2.1 The Regional Setting
Sonoma County, the most northerly of the nine counties in the San Francisco Bay Region, is located along the Pacific coastline about forty miles north of San Francisco and the Golden Gate Bridge. The County is just over 1500 square miles, making it the largest of the nine Bay Area counties.
Sonoma County is bordered by the Pacific Ocean on the west, Marin County and San Pablo Bay to the south, Solano, Napa and Lake Counties to the east, and Mendocino County to the north. Because of the geographic configuration and topography of the North Bay area, transportation linkages to adjacent counties are limited to a few routes. The U.S. Highway 101 Freeway is the major north/south route, connecting the County to San Francisco and Marin to the south and to Mendocino on the north.
2.2 The County Setting
Sonoma County's 1500 square miles include a diverse mosaic of landforms, environments, and human settlements. The broad, flat Santa Rosa Plain, which lies between the Sonoma Mountains on the east and low coastal hills on the west, contains the cities of Santa Rosa, Rohnert Park, and Cotati. The sparsely settled western margin of the county, along the Pacific coastline, includes the redwood and mixed conifer forests of the Mendocino Highlands in the north and rolling oak studded hills, dairylands, and coastal prairies in the south. The Mayacamas Range forms the eastern boundary of the county. Along with the Sonoma Mountain range, it encloses the Sonoma Valley or "Valley of the Moon," a scenic valley which extends from near Santa Rosa southeastward to the City of Sonoma and the marshlands of San Pablo Bay. In the north, the Mayacamas Range and Mendocino Highlands enclose the farming regions of Alexander and Dry Creek Valleys. In the far northeast, the remote interior of the Mayacamas Range contains the Geysers geothermal steam field.

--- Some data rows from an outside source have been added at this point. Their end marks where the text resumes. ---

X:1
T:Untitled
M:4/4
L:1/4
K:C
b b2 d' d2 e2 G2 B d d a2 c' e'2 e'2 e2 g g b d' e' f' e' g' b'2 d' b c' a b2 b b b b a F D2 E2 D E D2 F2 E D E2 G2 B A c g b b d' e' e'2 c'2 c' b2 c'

2.3 Intergovernmental Planning Coordination
Sonoma County has a particular interest in coordination of land use, infrastructure, and environmental protection with other local, state, federal, and tribal governmental jurisdictions within the County. GP 2020 is generally compatible with the plans of the nine cities, and with plans or policies established by other governmental agencies. Areas for future expansion of the cities were coordinated with the various cities and with the Local Agency Formation Commission, which is responsible for setting city boundaries and spheres of influence. Although GP 2020 does not regulate development within the cities, it is applicable to lands within their spheres of influence. In some instances, the policies of the plan establish larger "areas of interest" for cities, in order to provide for their review and comment on proposed County actions.

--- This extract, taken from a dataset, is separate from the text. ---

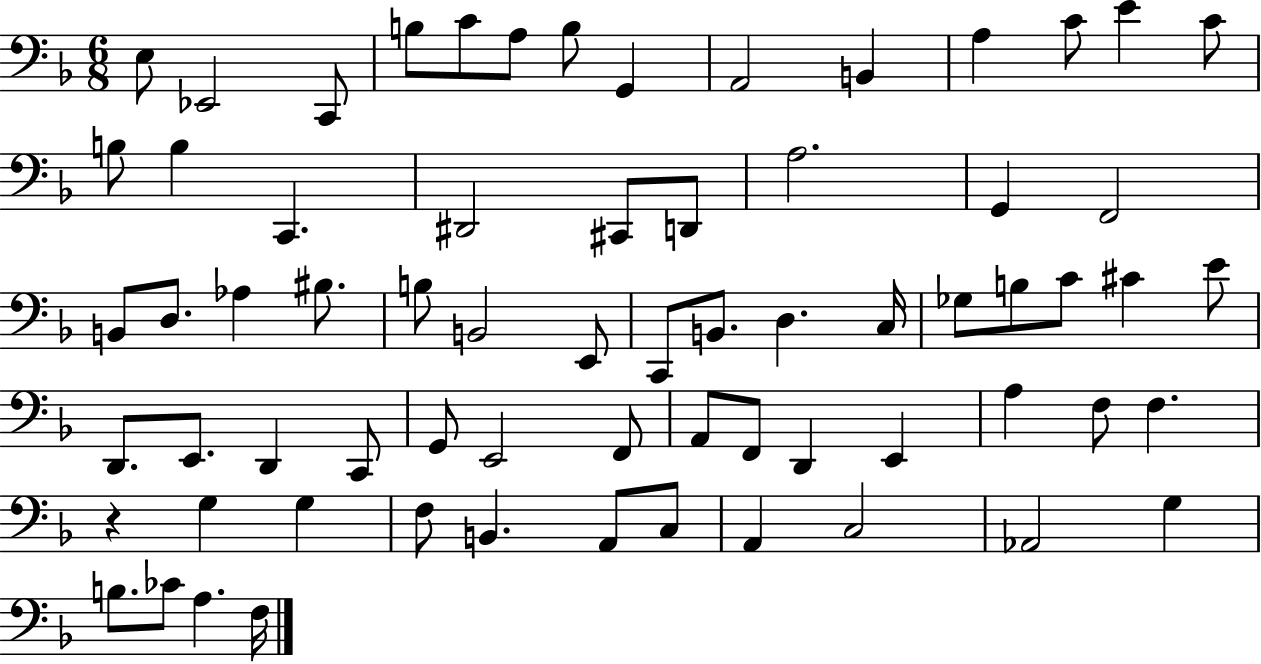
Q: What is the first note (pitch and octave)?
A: E3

Sonoma County also acknowledges both the presence of federally recognized tribal governments within Sonoma County and the need for communication and coordination with federal and tribal governments, where development of tribal and non-tribal land is proposed and where tribes seek to acquire new trust land.

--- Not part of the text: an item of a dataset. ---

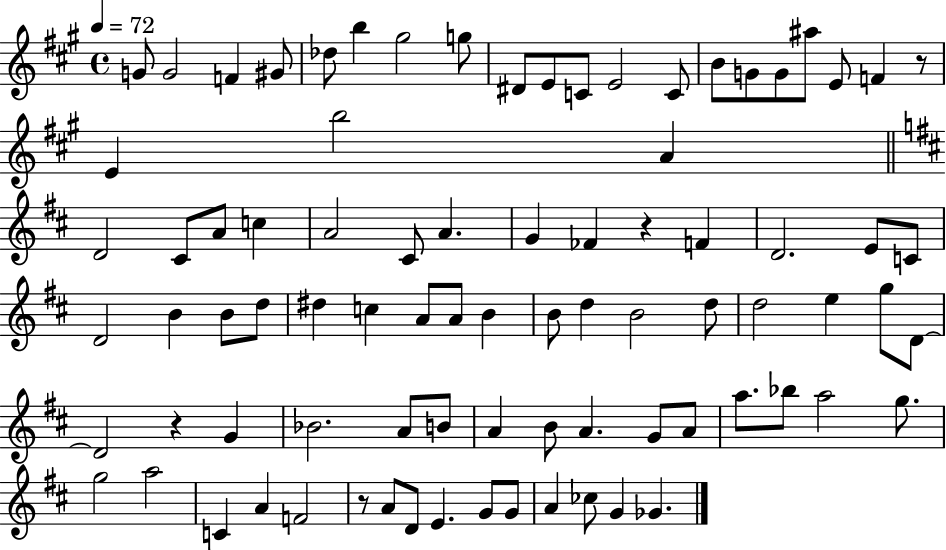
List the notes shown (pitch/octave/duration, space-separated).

G4/e G4/h F4/q G#4/e Db5/e B5/q G#5/h G5/e D#4/e E4/e C4/e E4/h C4/e B4/e G4/e G4/e A#5/e E4/e F4/q R/e E4/q B5/h A4/q D4/h C#4/e A4/e C5/q A4/h C#4/e A4/q. G4/q FES4/q R/q F4/q D4/h. E4/e C4/e D4/h B4/q B4/e D5/e D#5/q C5/q A4/e A4/e B4/q B4/e D5/q B4/h D5/e D5/h E5/q G5/e D4/e D4/h R/q G4/q Bb4/h. A4/e B4/e A4/q B4/e A4/q. G4/e A4/e A5/e. Bb5/e A5/h G5/e. G5/h A5/h C4/q A4/q F4/h R/e A4/e D4/e E4/q. G4/e G4/e A4/q CES5/e G4/q Gb4/q.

GP 2020 also considers the policies and concerns of adjacent counties and regional agencies, such as the Association of Bay Area Governments, the Metropolitan Transportation Commission, the San Francisco Bay Conservation and Development Commission, the Bay Area Air Quality Management District, the Northern Sonoma County Air Pollution Control District, the Bay Area Water Quality Control Board, the North Coast Regional Water Quality Control Board, the Sonoma County Water Agency, and others. The text of the various elements notes those situations where these agencies have particular responsibilities that affect the physical development of the County and approval of permits.